Pinker’s book The Angels of Our Better Nature starts with Manual Eisner’s data. He then sets out to explain the changing trend. (His book is a model of rigorous analysis. He explores an idea, comes to a conclusion and then looks at the reasons why he may be wrong. He repeats this several times over. No stone is left unturned). The book deals with five influences, and I have added a sixth.
1. An overwhelmingly powerful strong state (Hobbes). The state took over conflict resolution. Until relatively recently, an insult could result in a duel. Today, any serious dispute is dealt with by the state, by the police, prosecution services, the courts and their punishments. They deter bad behaviour, not only for you but also for your enemies.
2. The civilising process (Elias). Once the chances of your neighbour killing or injuring you receded, the value of good manners increased. Elias charts changes in the way we eat, how we dress, our cleanliness, and how we behave in public. He concludes that the upper classes developed the first rules of social etiquette, and that these spread outwards following the rules of contagion described in the last session. Books on social etiquette were very popular until relatively recently.
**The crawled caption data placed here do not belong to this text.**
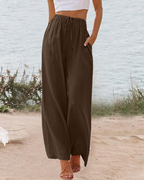Eleanor Women's Cotton Linen Palazzo Pants – Wide Leg Summer Trousers with Pockets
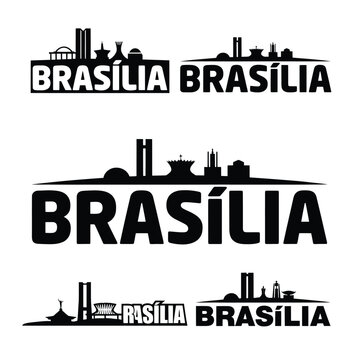 Bras lia Skyline Silhouette With Typography Black And White Vector Illustration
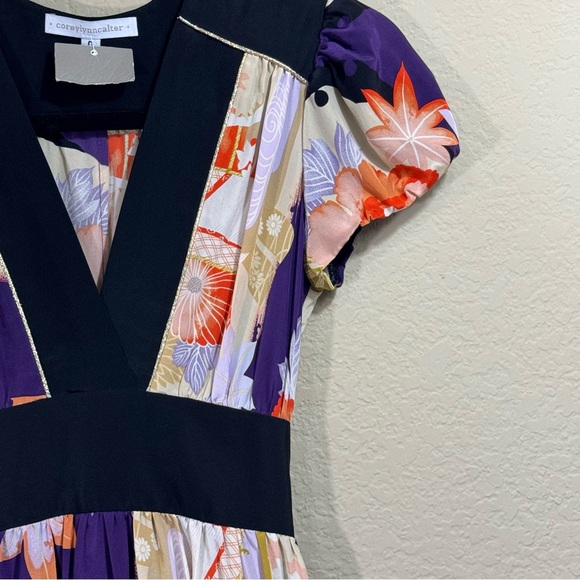 NEW Corey Lynn Calter Women's Silk Floral Fit and Flare Cap Sleeve Midi Dress 0 - Picture 7 of 12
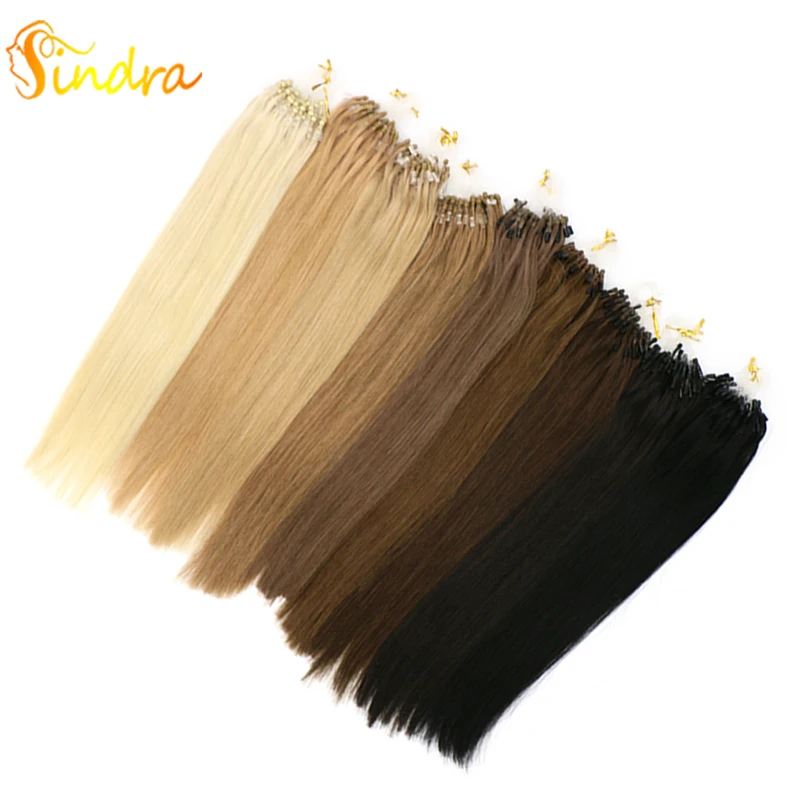 Sindra прямые петли Micro Ring Hair 100% человеческие link Remy наращивание волос 14 " 24" 50g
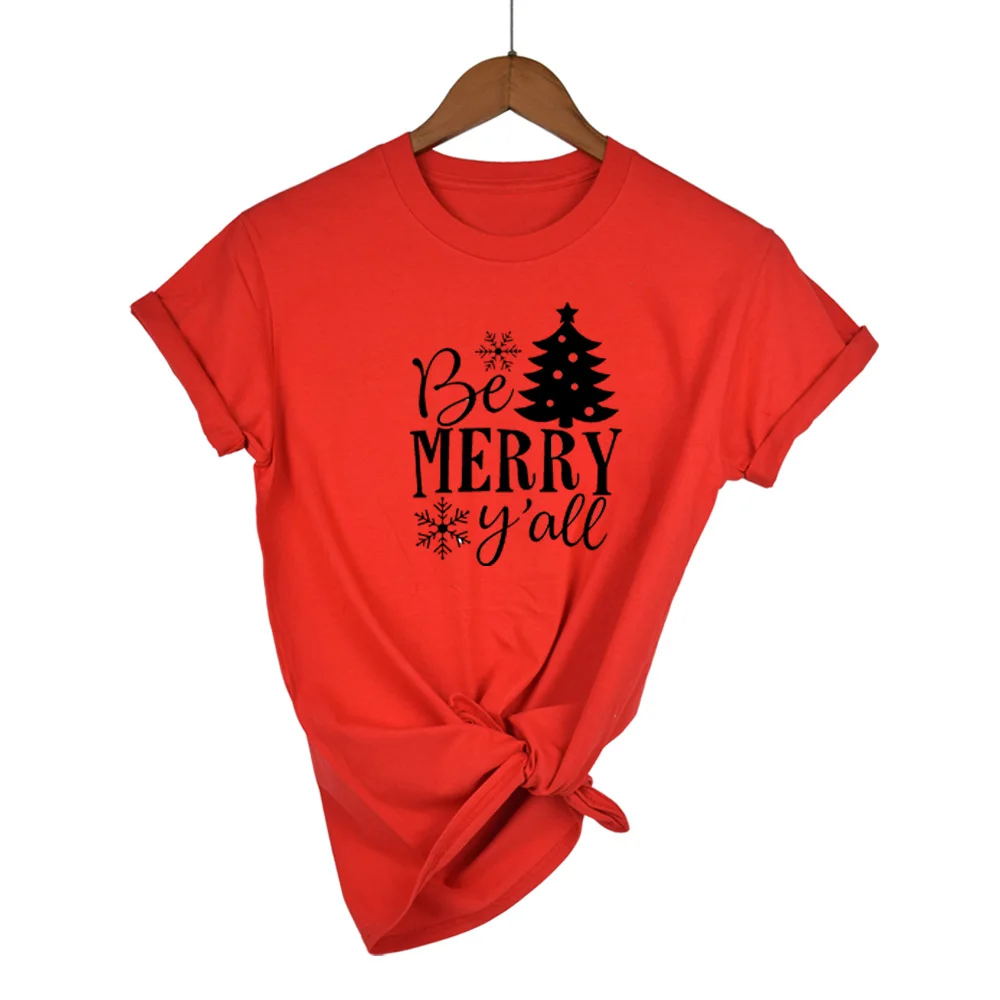 Женская футболка в стиле Харадзюку Be MERRY y'all модная Рождественская с коротким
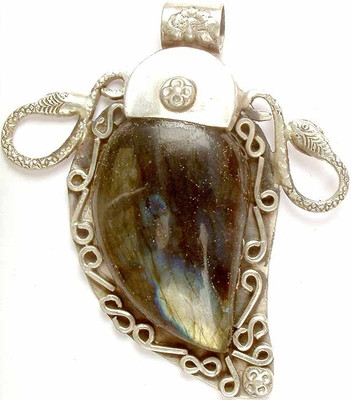 Exotic India Labradorite with Serpents Sterling Silver Pendant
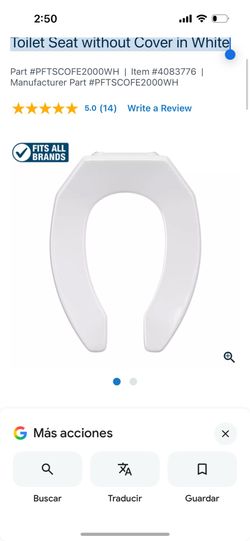 Elongated Open Front Commercial Toilet Seat without Cover in White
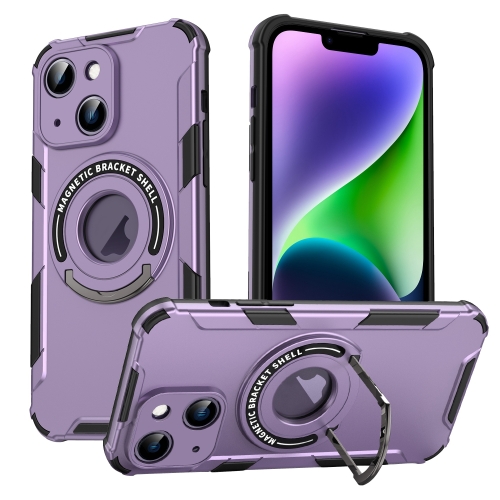 

For iPhone 14 MagSafe Magnetic Holder Phone Case(Purple)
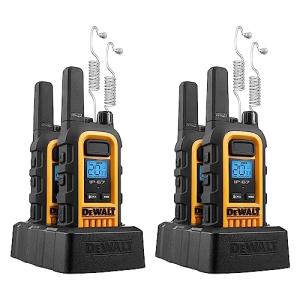 DEWALT FRS Walkie Talkies Long Range 2 Way Radio, 1 Watt, Waterproof & Rechargeable, 4 Pack with 4 Headsets, 2DXFRS300-SV1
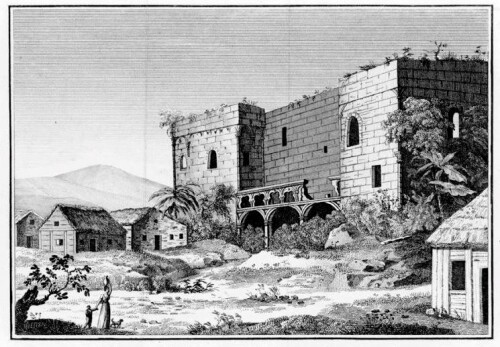 Гравюра с изображением дворца Алькасар-де-Колон в Санто-Доминго. Фото из коллекции Библиотеки Конгресса США. Гравюра предположительно 1800 года, а вот запечатленное на ней сооружение наверняка относится к гораздо более раннему периоду.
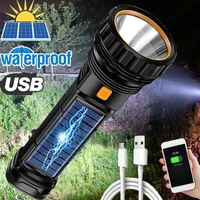 led solar flashlight usb rechargeable flashlights with side cob outdoor long range torch emergency power bank hand camping lamp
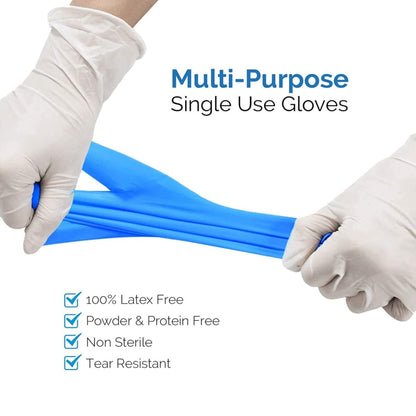 Basic Medical Synmax Nitrile-Vinyl blend Blue Exam Gloves Powder Free, Latex Free 1000 count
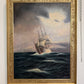 Danish Artist B. Johansen Vintage Dramatic Marine Seascape Oil Painting Framed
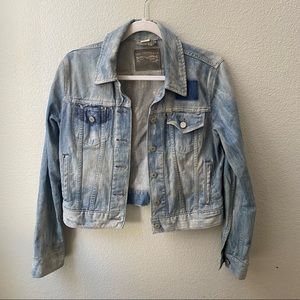 LEVIS womens denim jacket vintage bleach dye distressed shredded light womens A1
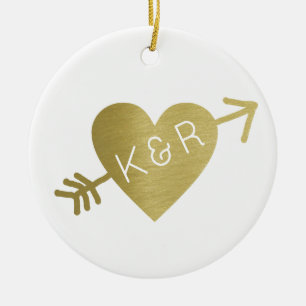 Imitate goldenes Herz mit Pfeil, schön Keramik Ornament
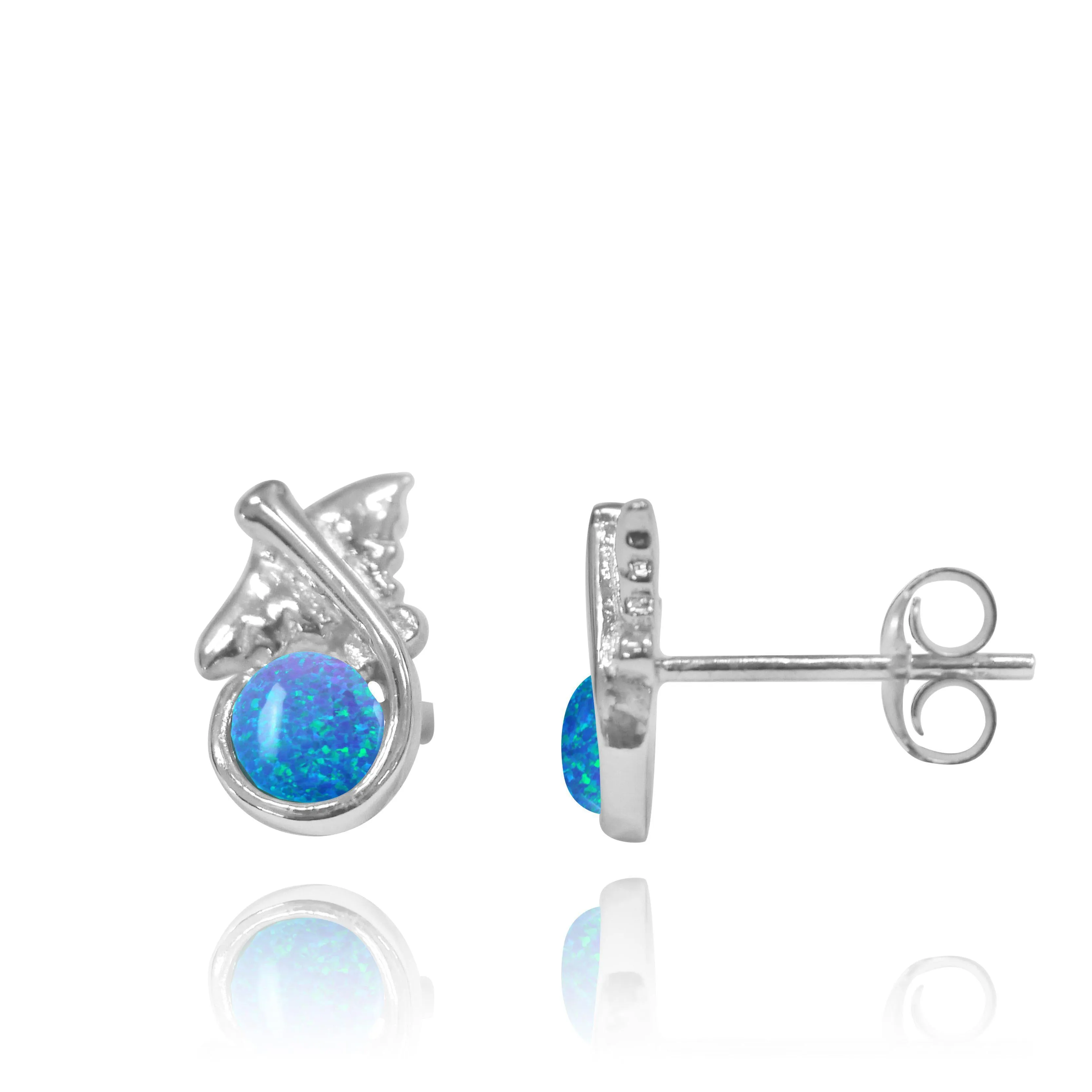 Manta Ray Earrings with Round Blue Opal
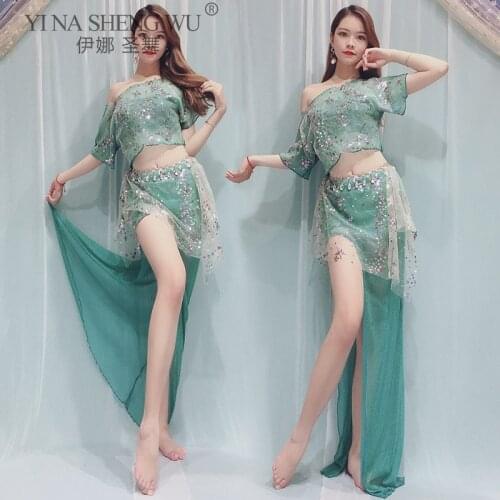 Belly Dance Set Women Long Skirt Sequins Practice Clothes Female Adult Elegant Exercise Top Oriental Dancing Profession Clothes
3. Gentle commerce (Montesquieu). As Pinker explains in the lecture, plunder is a zero-sum game. One person’s gain is another’s loss. Commerce is a positive sum game, the vendor and the buyer gain. This exchange depends on trust. I do some work for you. I trust that you will pay me. If I don’t trust you (or you don’t trust me) we don’t work together. Trust and commerce go hand in hand.
4. The expanding circle of empathy (Appiah). My primary obligation is to my genes, and therefore to my children. As a species, and particularly in the last three centuries, these obligations have widened, to include family, neighbours, fellow citizens (of a shared state) and then the planet. Kwame Anthony Appiah shows how mutual respect is fundamental to dealing with the competing beliefs held by citizens across the world. (A reminder of why the retreat to nationalism is such a threat).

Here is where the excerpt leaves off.